== Information provided ==
#####

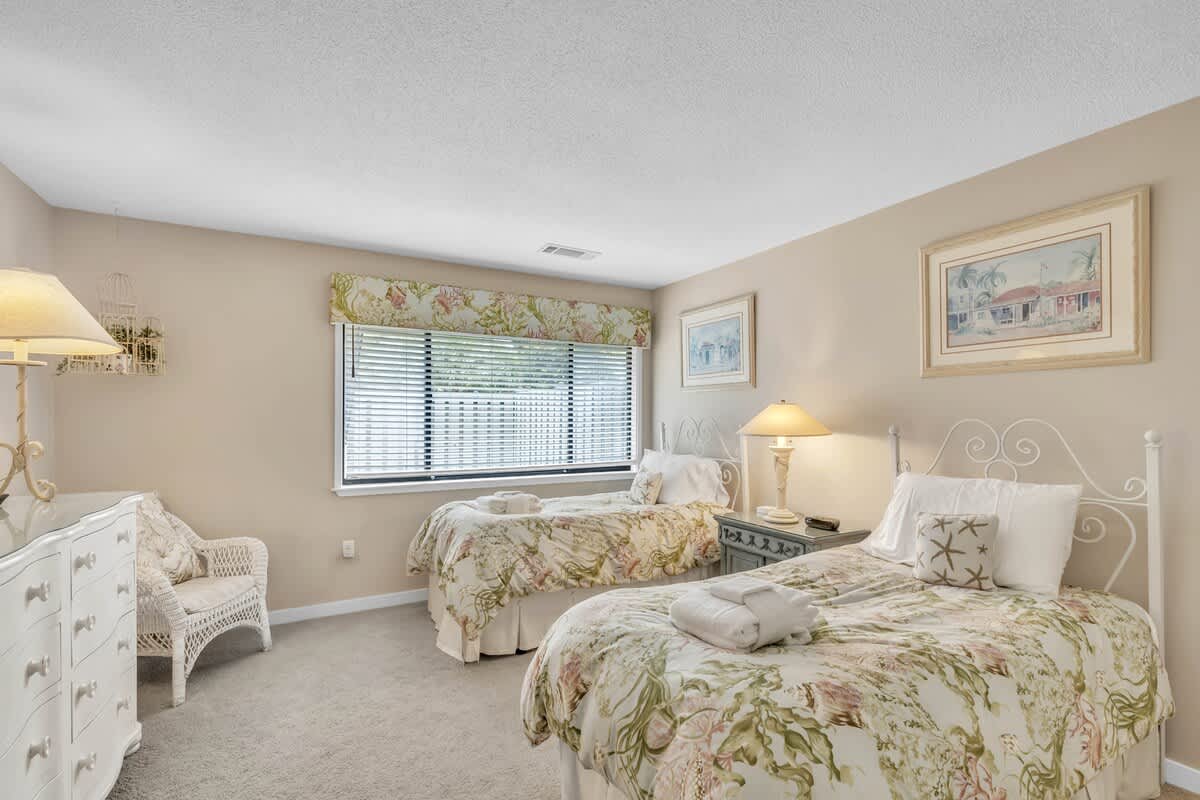 Guest Bedroom with Twin Beds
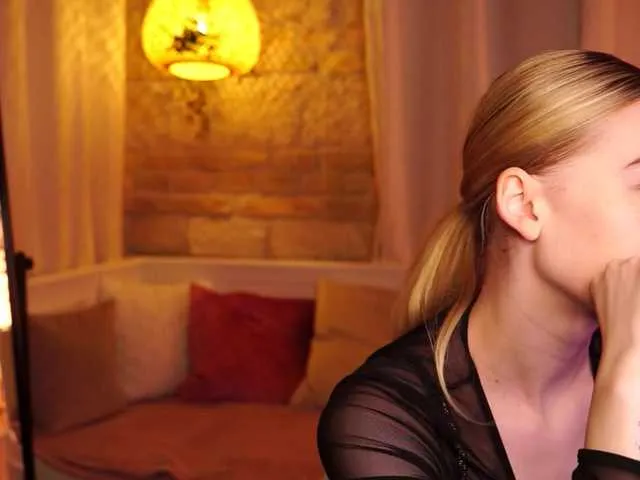 Offline SnowwBarbie on BongaCams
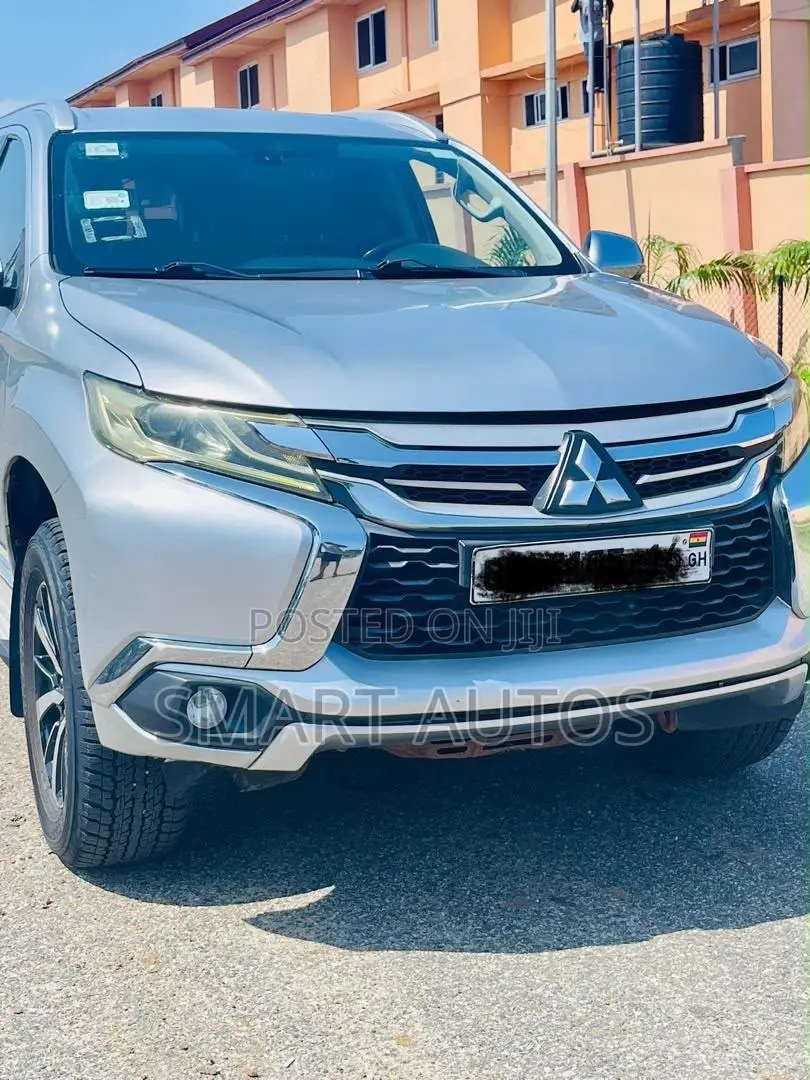 Mitsubishi Pajero Sport GLX 2016 Silver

#####

== Instructions for the task ==
Everything from the line with "Offline SnowwBarbie on BongaCams" through the last line of the listing should be retyped exactly, with both end lines kept and the pictures left out.

== Solution for this exercise ==
 Offline SnowwBarbie on BongaCams
 Mitsubishi Pajero Sport GLX 2016 Silver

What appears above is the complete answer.